Beth Hoffman began her food writing career focused on culture, producing a food series on KUER (an NPR affiliate in Salt Lake City) and receiving a grant to document the stories of immigrant women as they cooked in their homes (which became a radio series that aired on Weekend America). Now twenty years into writing and producing work on food and agriculture, her areas of expertise have grown to include the potential of agriculture in development, the financial viability of farms, and sustainability in agriculture. She has aired and published on NPR's Morning Edition and on their food blog The Salt, written for The Guardian, Civil Eats, and produced work for the News Hour, Latino USA, and The World. She blogged as the "Hungry Hack" for for two and a half years and wrote a major report and several smaller ones for Oxfam International on how the top ten food and beverage companies in the world contribute to hunger and poverty.

Hoffman also spent much of her adult life teaching, most recently as an Associate Professor in the Media Studies Department at the University of San Francisco, where she created a "Food Media" class to look at the ways in which the media discusses food. She has spoken at several conferences, including the World Food System Center Conference in Acona, Switzerland and at the Trust in Food gathering in Nashville, TN. She was a Fellow and Co-Lecturer at UC Berkeley's School of Journalism (where she also went to graduate school) in the Africa Food and Agriculture Reporting Project and traveled to India, Uganda, and Ethiopia to cover agriculture topics.
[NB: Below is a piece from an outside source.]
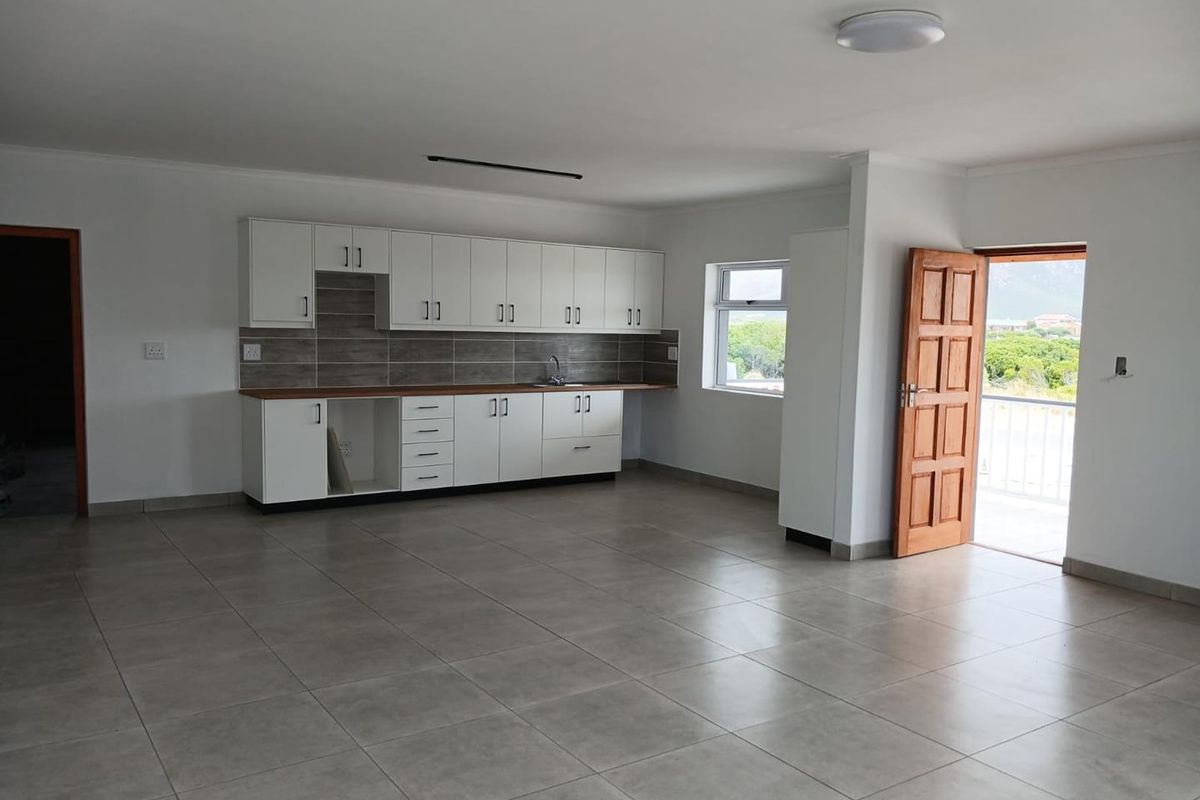 3 Bedroom home with open-plan living - Photo 4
As Managing Editor of FoodTech Connect and as a freelancer with Free Range Studios in Oakland, she also worked on communications and marketing projects.

Perhaps most importantly, she is now a beginning farmer on a 570-acre farm in Iowa with her husband John. John was raised on the family's farm, and later was trained as a chef, then worked as a produce buyer, a wine buyer, and a butcher for twelve years. Together, the couple has a combined knowledge about almost every aspect of food.